## Information shown
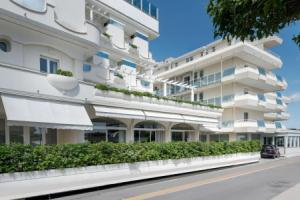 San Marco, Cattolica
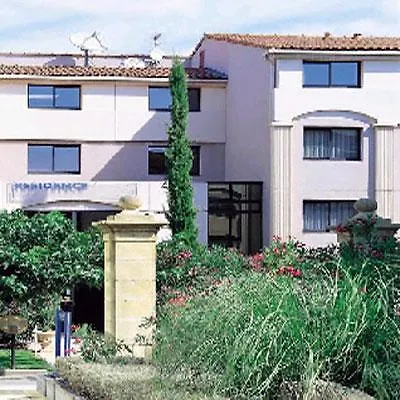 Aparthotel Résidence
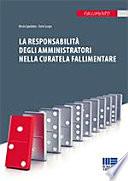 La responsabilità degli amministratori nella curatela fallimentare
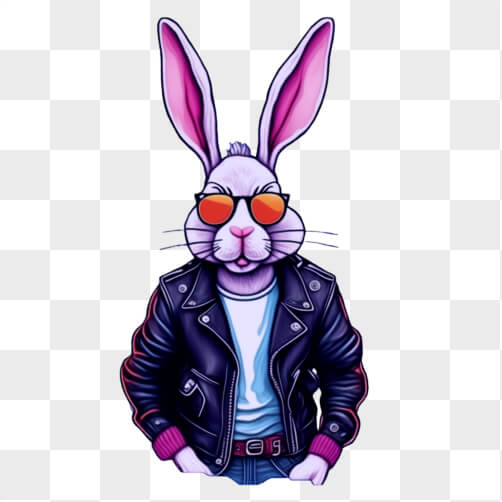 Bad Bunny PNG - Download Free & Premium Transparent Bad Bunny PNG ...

## Description of the task
Skip the pictures, then return the rest of the data exactly.

## Exercise answer
 San Marco, Cattolica
 Aparthotel Résidence
 La responsabilità degli amministratori nella curatela fallimentare
 Bad Bunny PNG - Download Free & Premium Transparent Bad Bunny PNG ...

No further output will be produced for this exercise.